Once the line with "Building Photo - 642 Dorothy Anna Dr" is found in the entries below, repeat it and each following line exactly, up to and including the line with "Used 2023 Cadillac CT5 V RWD image 4". Add no other lines.

[PROVIDED RECORDS]

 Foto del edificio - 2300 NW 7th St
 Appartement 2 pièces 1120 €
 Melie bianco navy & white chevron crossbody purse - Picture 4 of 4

[/PROVIDED RECORDS]
[PROVIDED RECORDS]

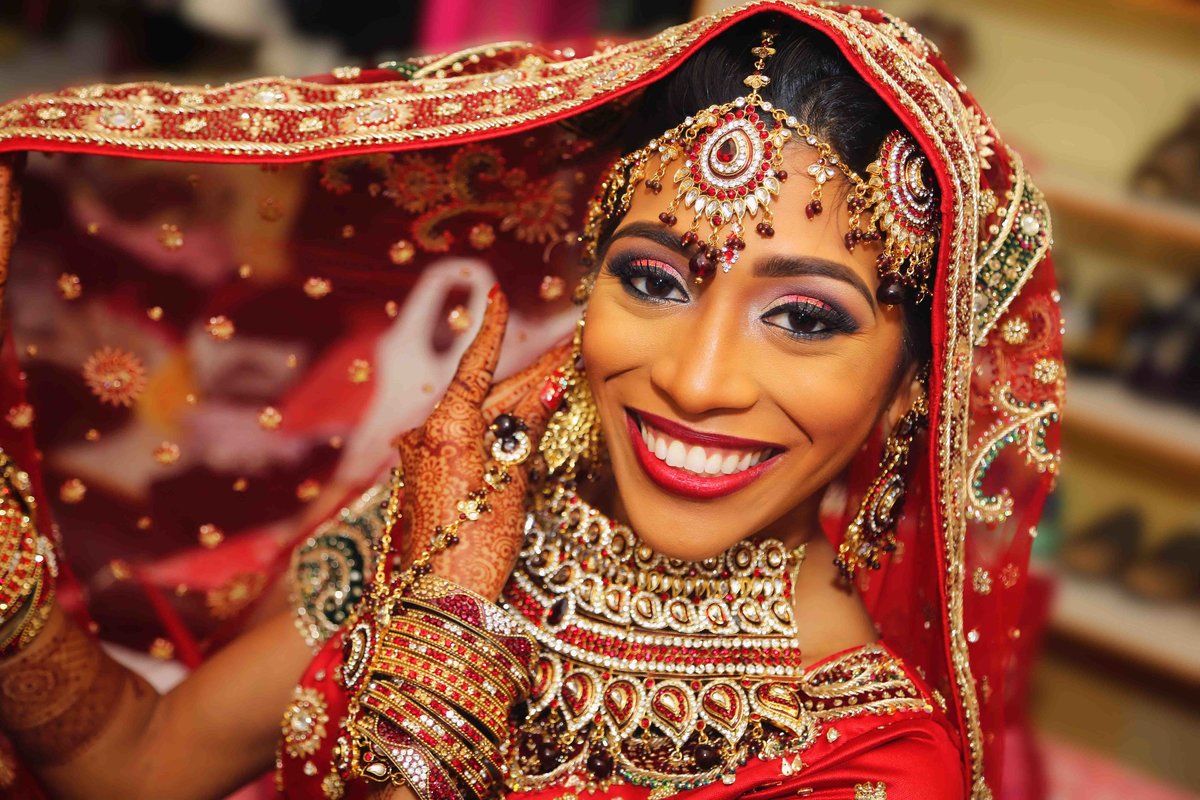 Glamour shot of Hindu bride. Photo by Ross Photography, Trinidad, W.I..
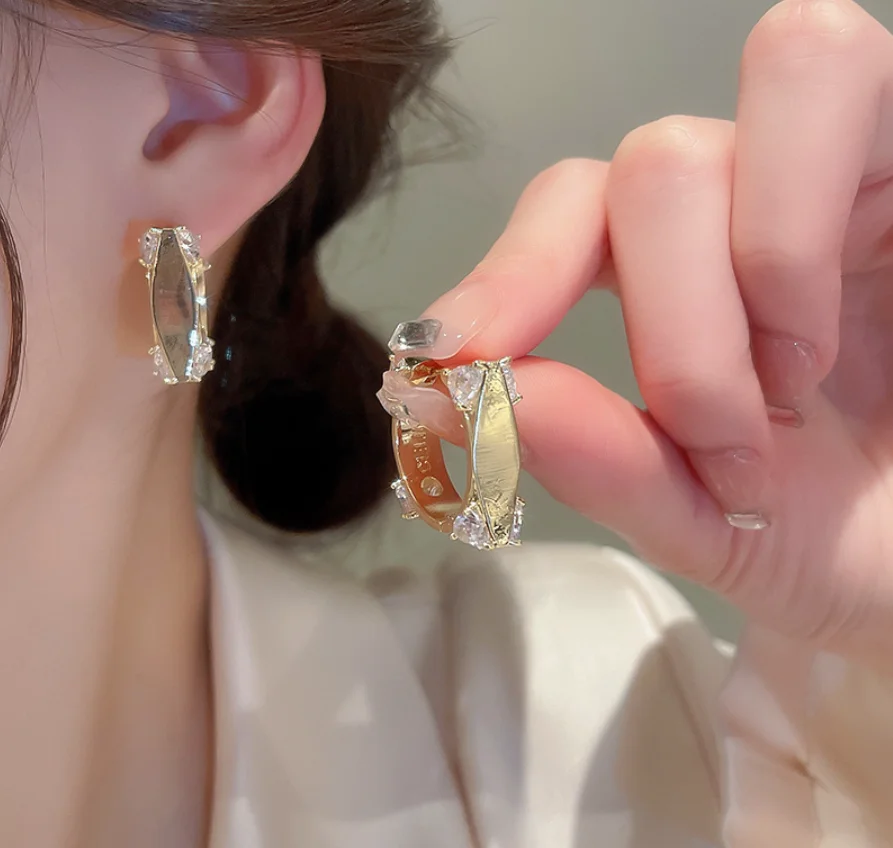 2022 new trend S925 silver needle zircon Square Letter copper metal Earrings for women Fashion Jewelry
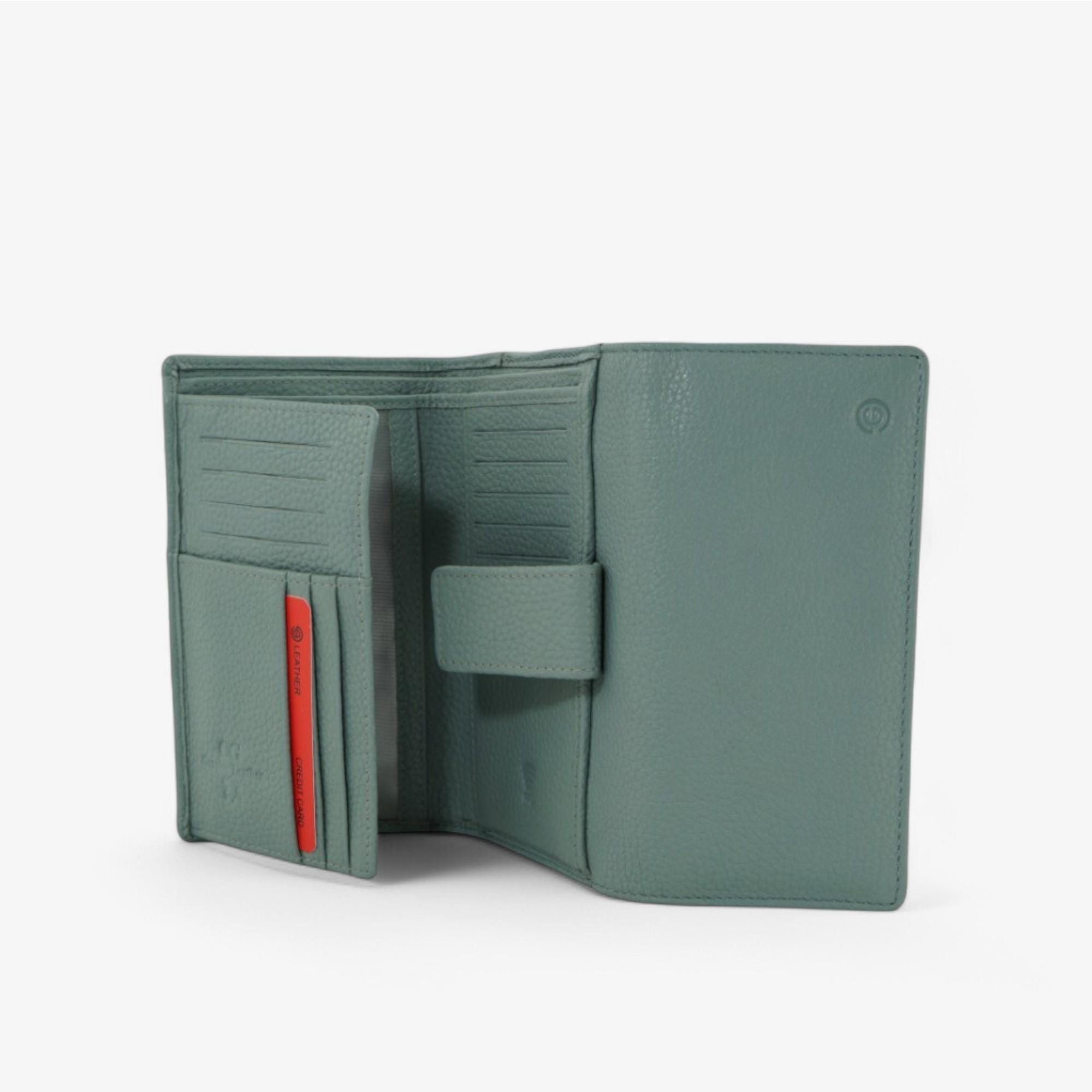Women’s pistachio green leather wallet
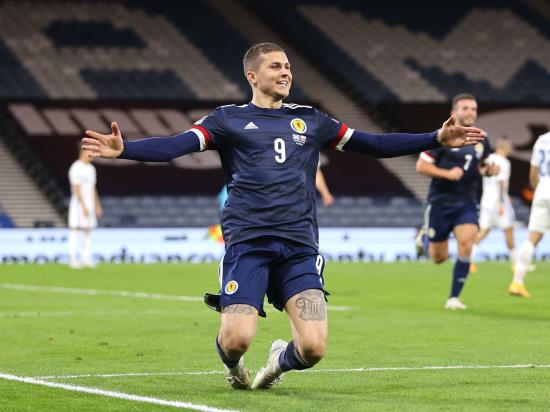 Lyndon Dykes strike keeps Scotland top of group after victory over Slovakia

[/PROVIDED RECORDS]
[PROVIDED RECORDS]

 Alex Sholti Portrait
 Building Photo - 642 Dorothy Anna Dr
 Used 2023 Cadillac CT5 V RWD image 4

[/PROVIDED RECORDS]

● TASK SOLUTION:
 Building Photo - 642 Dorothy Anna Dr
 Used 2023 Cadillac CT5 V RWD image 4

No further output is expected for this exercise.